Love, meditation and reduced stress:

• Meditation, social network and affection have all been shown to have neuroprotective properties and may enhance neuroplastic changes. [Shaffer, 2016]

Sleep:

• Chronic sleep deprivation is associated with increased inflammation and decreased BDNF and can lead to cognitive deficits and metabolic dysfunction.
• A primary function of sleep appears to be the activation of the glymphatic system to promote the efficient elimination of neurotoxic waste products produced during wakefulness. The glymphatic system also facilitates the brain-wide distribution of several compounds, including glucose, lipids, amino acids, growth factors, and neuromodulators. [Jessen et al., 2015]
• Sleep restores synaptic plasticity, with beneficial effects on learning processes, while sleep deprivation induces alteration in LTP/LTD mechanisms, increases cortical excitability, and negatively impacts learning. [Gorgoni et al., 2013]

SUMMARY

In this article, we provide an overview of neuroplasticity and narrow down the definition of neuroplasticity from a scientific perspective.

Neuroplasticity can best be defined as changes in the brain in response to intrinsic or extrinsic stimuli. These changes may be functional or maladaptive.
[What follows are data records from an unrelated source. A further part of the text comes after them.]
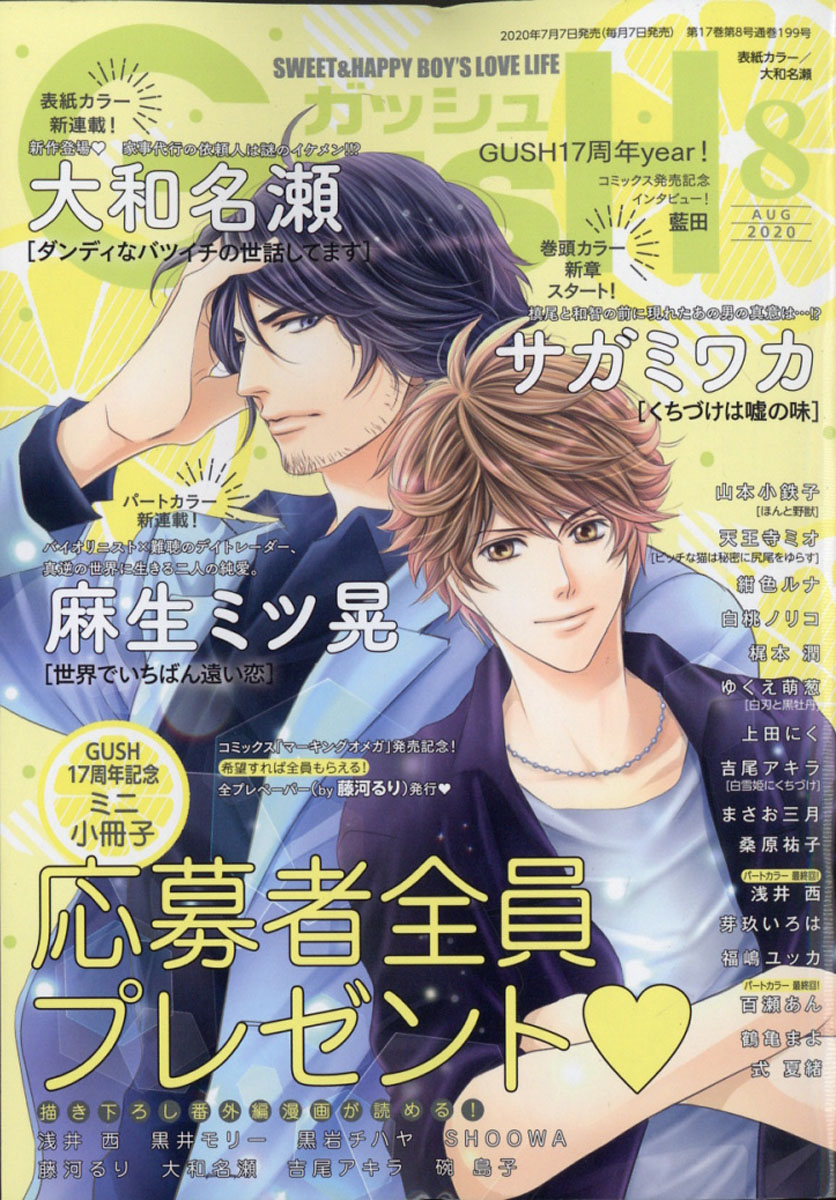 楽天ブックス Gush ガッシュ 年 08月号 雑誌 海王社 雑誌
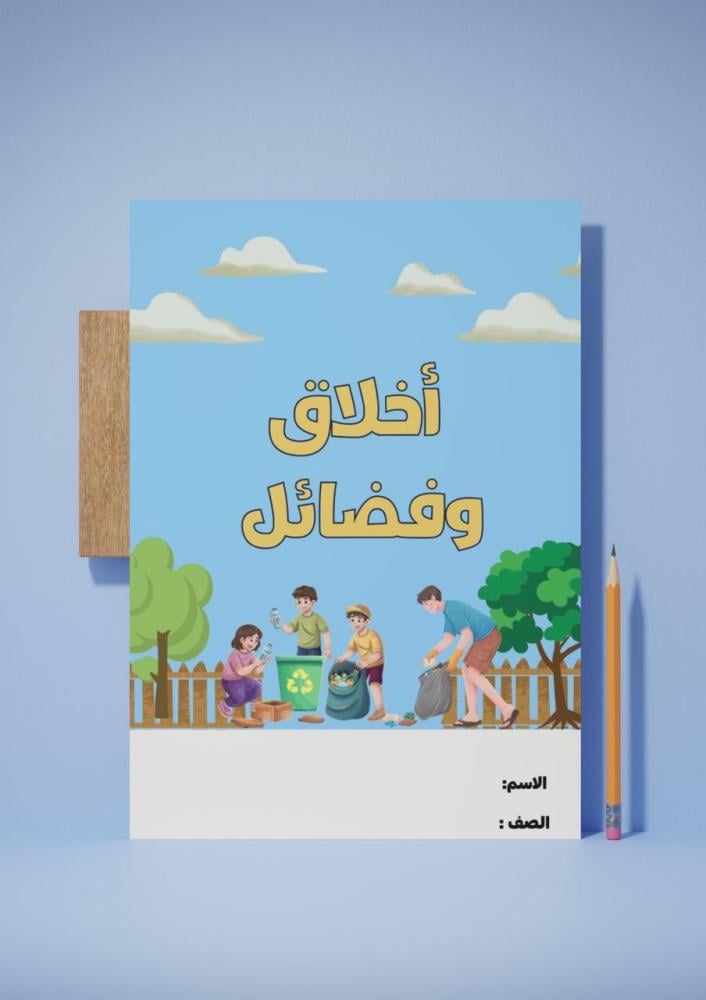 مشروع اخلاق وفضائل ( التعاون )
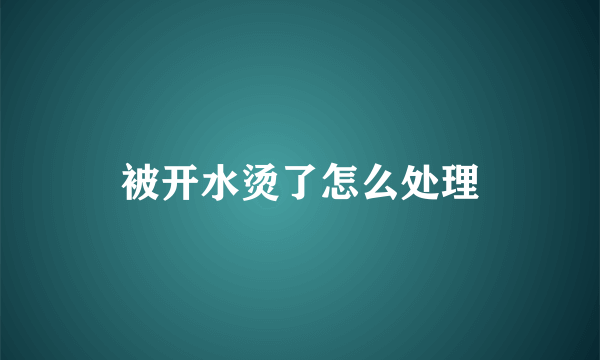 被开水烫了怎么处理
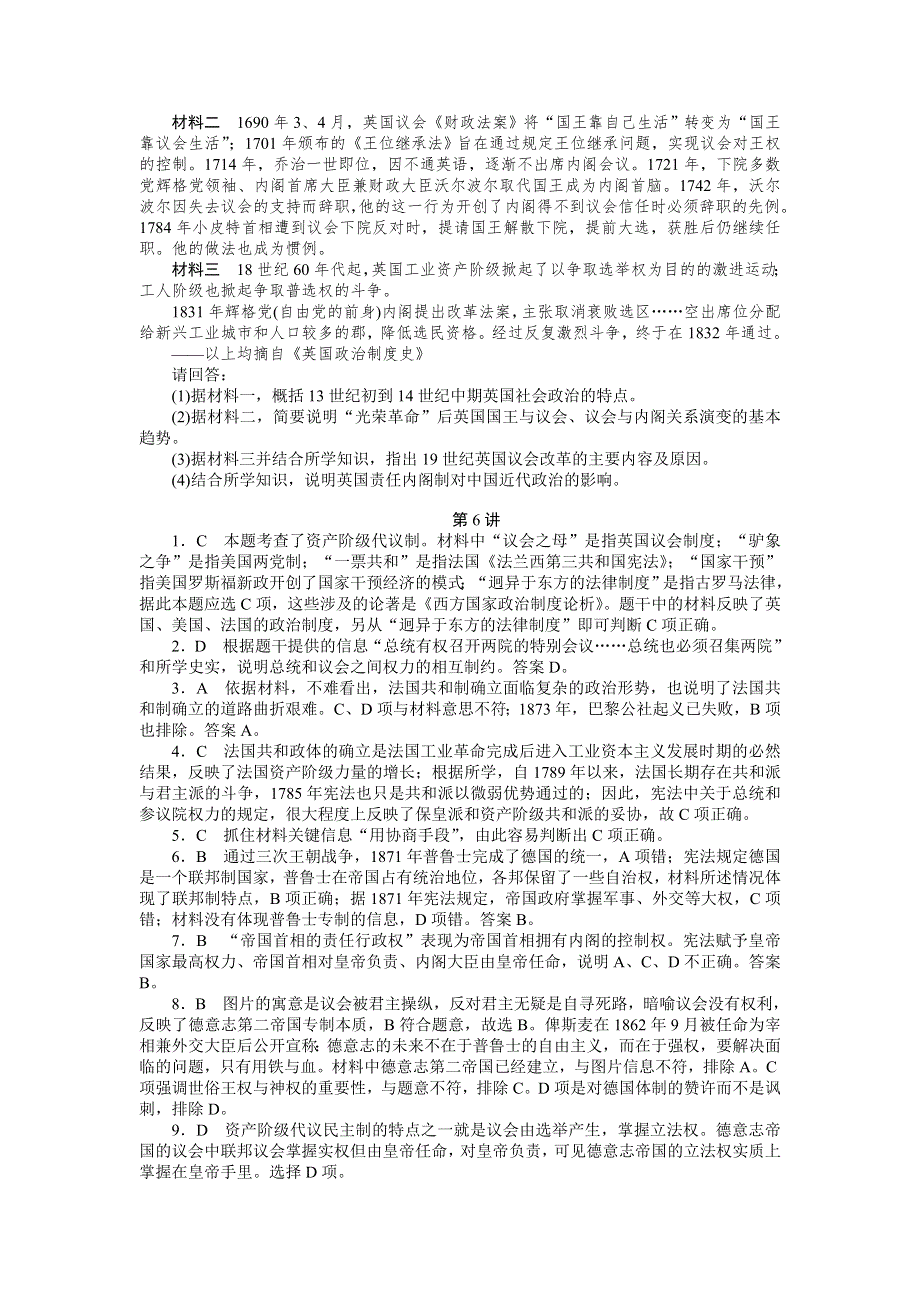 《学海导航》2015届高三历史一轮总复习同步训练：必修1 第6讲 资本主义制度在欧洲大陆的扩展.doc_第3页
Neuroplastic changes occur in several neurological and psychiatric disorders. However, the best-studied is traumatic brain injury.

There is increasing interest in modulating these neuroplastic pathways as treatment options in neuropsychiatry.

Finally, if cognitive neurotherapeutics are to be used to harness the neuroplastic potential of the human brain, then age, sex, genetics, and individual pathology will need to be considered before implementation.

A range of pharmacological and non-pharmacological strategies show benefits in neurogenesis and neuroprotection.

Strategies such as sleep hygiene, diet, exercise are low-cost ways of ‘enhancing neuroplasticity’.

As research continues, we may be able to utilise these treatments further to help guide the brain back to health.